▶
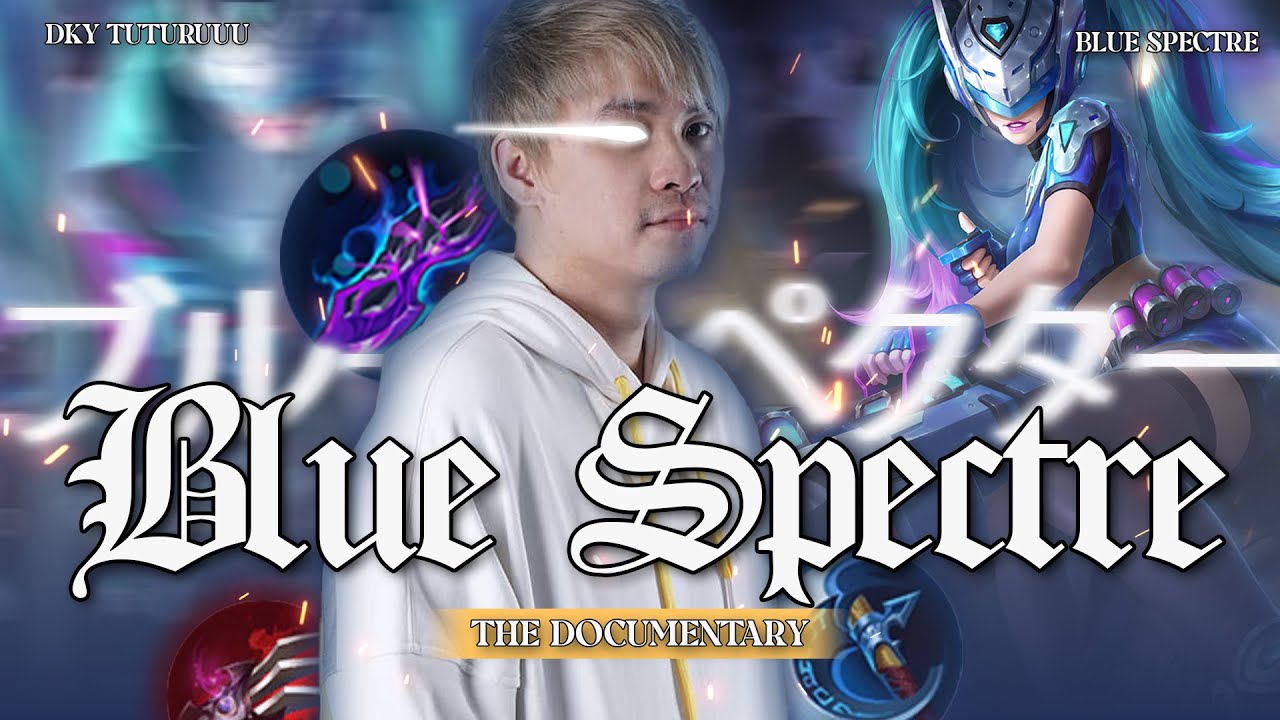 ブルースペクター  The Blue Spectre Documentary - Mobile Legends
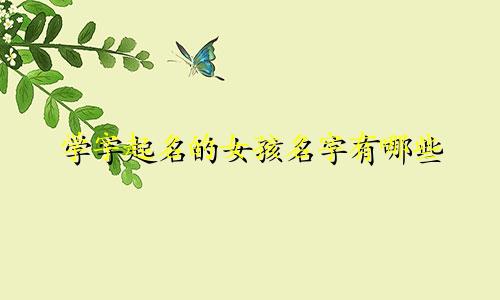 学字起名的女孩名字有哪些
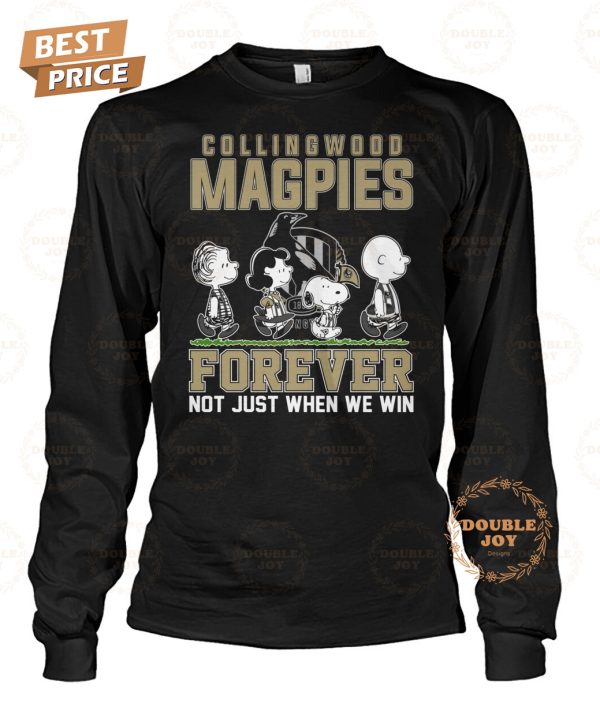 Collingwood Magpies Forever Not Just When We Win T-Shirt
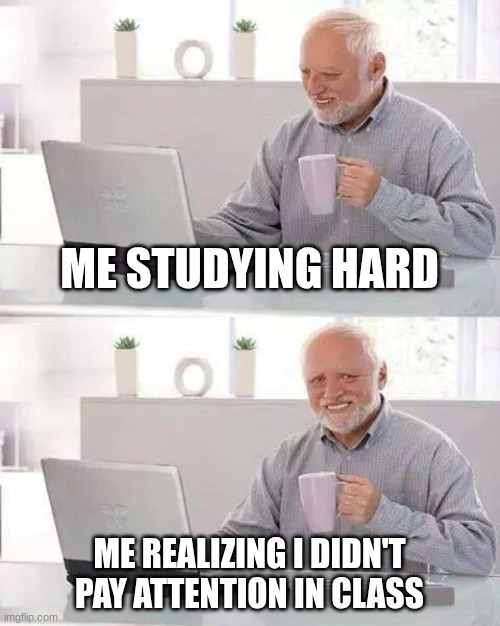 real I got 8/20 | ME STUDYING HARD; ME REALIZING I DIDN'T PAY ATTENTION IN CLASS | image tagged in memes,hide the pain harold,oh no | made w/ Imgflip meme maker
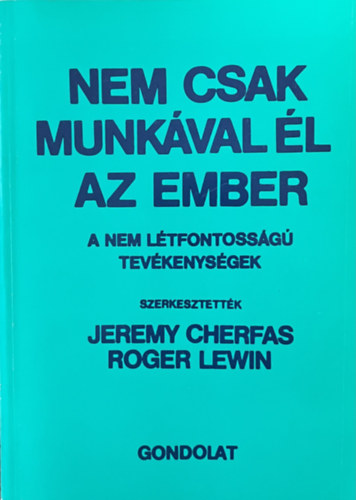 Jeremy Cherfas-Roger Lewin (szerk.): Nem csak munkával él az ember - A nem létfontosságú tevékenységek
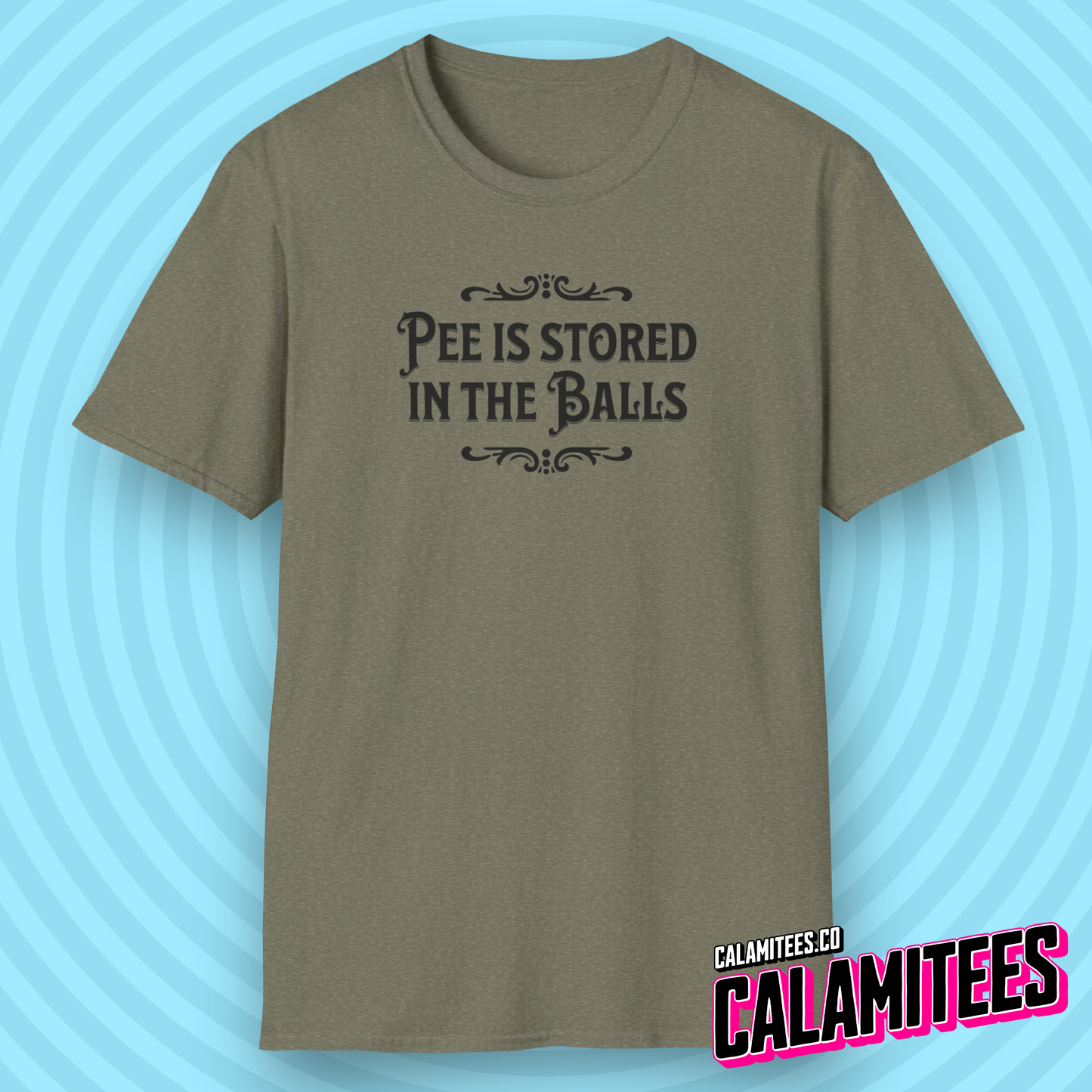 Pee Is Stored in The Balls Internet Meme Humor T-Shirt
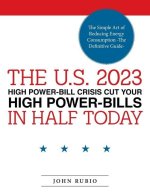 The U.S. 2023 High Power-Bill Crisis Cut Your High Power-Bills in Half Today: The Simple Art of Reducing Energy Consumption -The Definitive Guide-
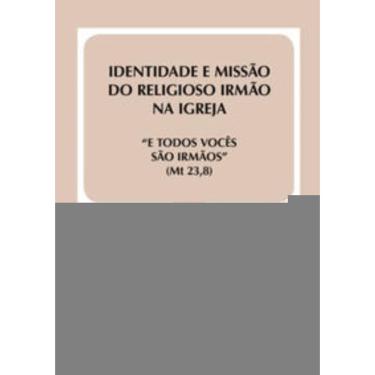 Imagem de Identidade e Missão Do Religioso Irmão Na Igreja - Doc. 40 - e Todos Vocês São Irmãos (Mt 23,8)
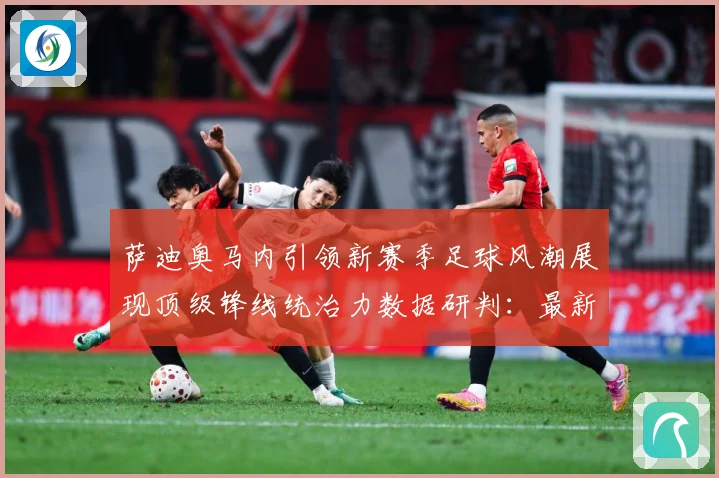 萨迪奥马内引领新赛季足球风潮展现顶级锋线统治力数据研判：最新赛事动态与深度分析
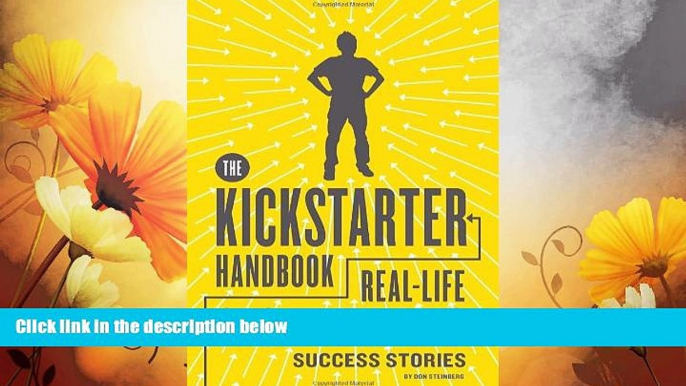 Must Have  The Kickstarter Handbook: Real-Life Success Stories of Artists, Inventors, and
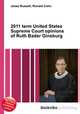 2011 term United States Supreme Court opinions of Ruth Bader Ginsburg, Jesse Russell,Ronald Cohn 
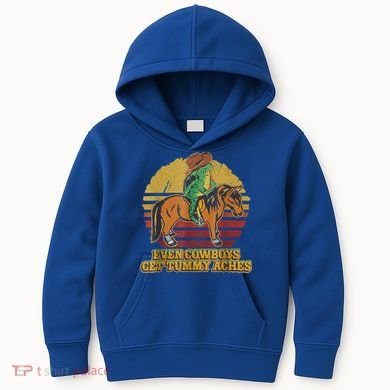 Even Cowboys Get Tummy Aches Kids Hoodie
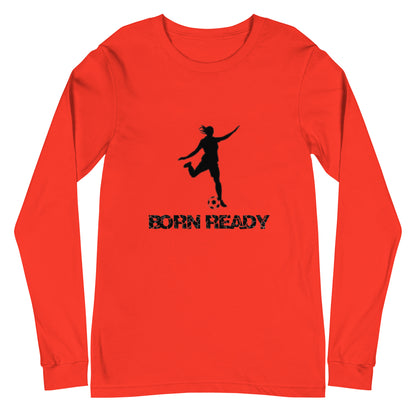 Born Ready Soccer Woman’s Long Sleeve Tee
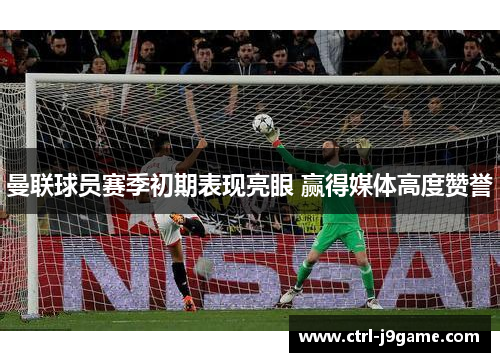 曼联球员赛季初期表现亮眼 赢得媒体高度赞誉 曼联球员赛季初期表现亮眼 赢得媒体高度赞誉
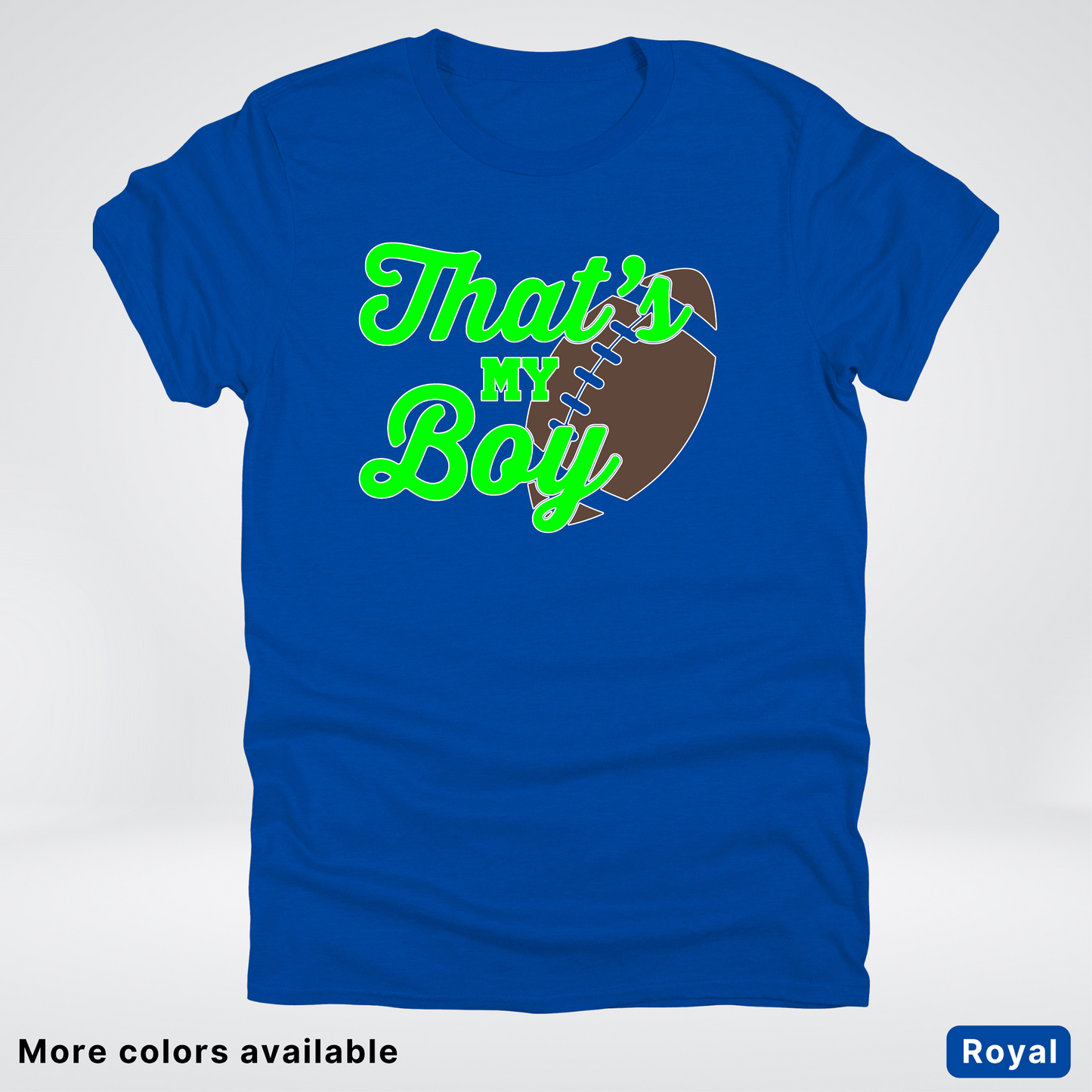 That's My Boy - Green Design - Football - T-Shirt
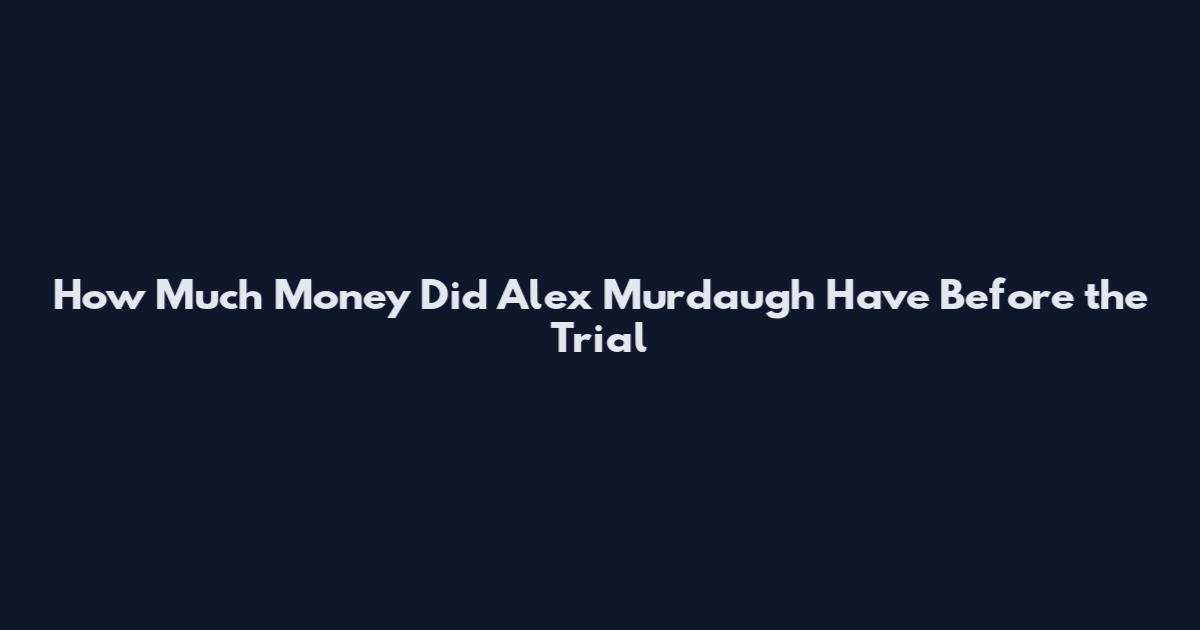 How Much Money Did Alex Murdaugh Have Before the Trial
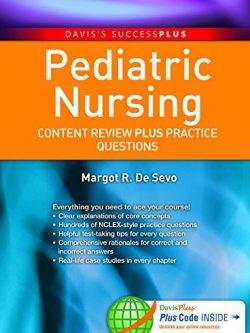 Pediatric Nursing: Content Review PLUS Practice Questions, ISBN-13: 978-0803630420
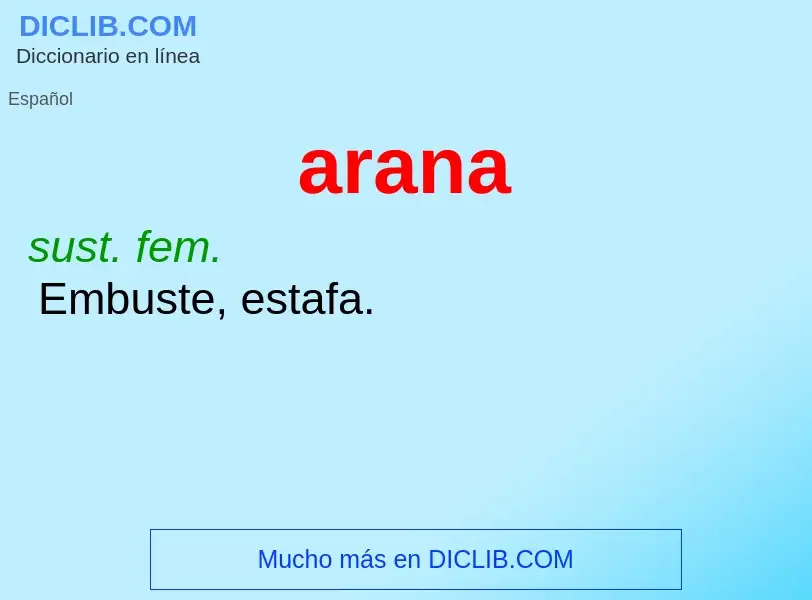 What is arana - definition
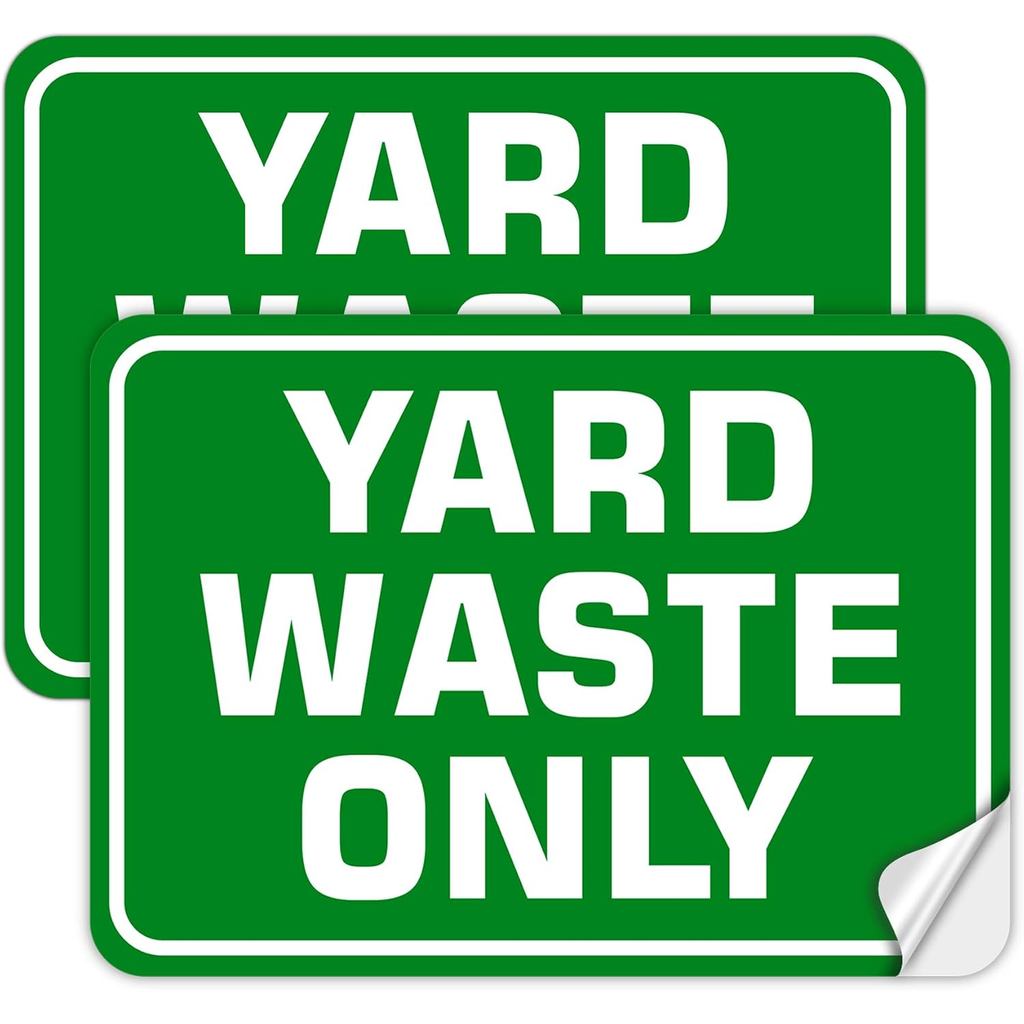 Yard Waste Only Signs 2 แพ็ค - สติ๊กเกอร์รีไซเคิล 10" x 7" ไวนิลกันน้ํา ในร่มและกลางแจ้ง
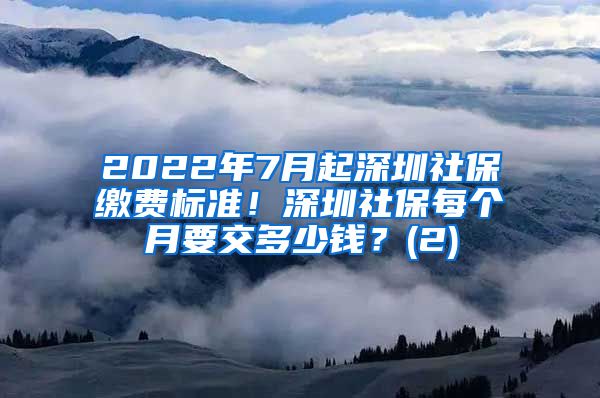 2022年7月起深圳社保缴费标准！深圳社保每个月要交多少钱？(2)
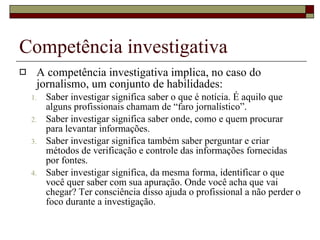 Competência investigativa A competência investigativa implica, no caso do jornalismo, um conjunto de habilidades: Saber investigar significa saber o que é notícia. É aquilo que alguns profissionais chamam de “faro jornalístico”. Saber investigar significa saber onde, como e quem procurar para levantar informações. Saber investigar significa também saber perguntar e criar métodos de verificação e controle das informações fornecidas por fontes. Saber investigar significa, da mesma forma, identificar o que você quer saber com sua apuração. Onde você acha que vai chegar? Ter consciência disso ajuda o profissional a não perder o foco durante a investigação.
◀
Print the records word for word and exclude any picture they hold.

- **WRITTEN REPLY**
 ブルースペクター  The Blue Spectre Documentary - Mobile Legends
 学字起名的女孩名字有哪些
 Collingwood Magpies Forever Not Just When We Win T-Shirt
 real I got 8/20 | ME STUDYING HARD; ME REALIZING I DIDN'T PAY ATTENTION IN CLASS | image tagged in memes,hide the pain harold,oh no | made w/ Imgflip meme maker
 Jeremy Cherfas-Roger Lewin (szerk.): Nem csak munkával él az ember - A nem létfontosságú tevékenységek
 Pee Is Stored in The Balls Internet Meme Humor T-Shirt
 The U.S. 2023 High Power-Bill Crisis Cut Your High Power-Bills in Half Today: The Simple Art of Reducing Energy Consumption -The Definitive Guide-
 Imagem de Identidade e Missão Do Religioso Irmão Na Igreja - Doc. 40 - e Todos Vocês São Irmãos (Mt 23,8)
 萨迪奥马内引领新赛季足球风潮展现顶级锋线统治力数据研判：最新赛事动态与深度分析
 Must Have  The Kickstarter Handbook: Real-Life Success Stories of Artists, Inventors, and
 2011 term United States Supreme Court opinions of Ruth Bader Ginsburg, Jesse Russell,Ronald Cohn 
 Even Cowboys Get Tummy Aches Kids Hoodie
 Born Ready Soccer Woman’s Long Sleeve Tee
 曼联球员赛季初期表现亮眼 赢得媒体高度赞誉 曼联球员赛季初期表现亮眼 赢得媒体高度赞誉
 That's My Boy - Green Design - Football - T-Shirt
 How Much Money Did Alex Murdaugh Have Before the Trial
 Pediatric Nursing: Content Review PLUS Practice Questions, ISBN-13: 978-0803630420
 What is arana - definition
 Yard Waste Only Signs 2 แพ็ค - สติ๊กเกอร์รีไซเคิล 10" x 7" ไวนิลกันน้ํา ในร่มและกลางแจ้ง
 2022年7月起深圳社保缴费标准！深圳社保每个月要交多少钱？(2)
 Competência investigativa A competência investigativa implica, no caso do jornalismo, um conjunto de habilidades: Saber investigar significa saber o que é notícia. É aquilo que alguns profissionais chamam de “faro jornalístico”. Saber investigar significa saber onde, como e quem procurar para levantar informações. Saber investigar significa também saber perguntar e criar métodos de verificação e controle das informações fornecidas por fontes. Saber investigar significa, da mesma forma, identificar o que você quer saber com sua apuração. Onde você acha que vai chegar? Ter consciência disso ajuda o profissional a não perder o foco durante a investigação.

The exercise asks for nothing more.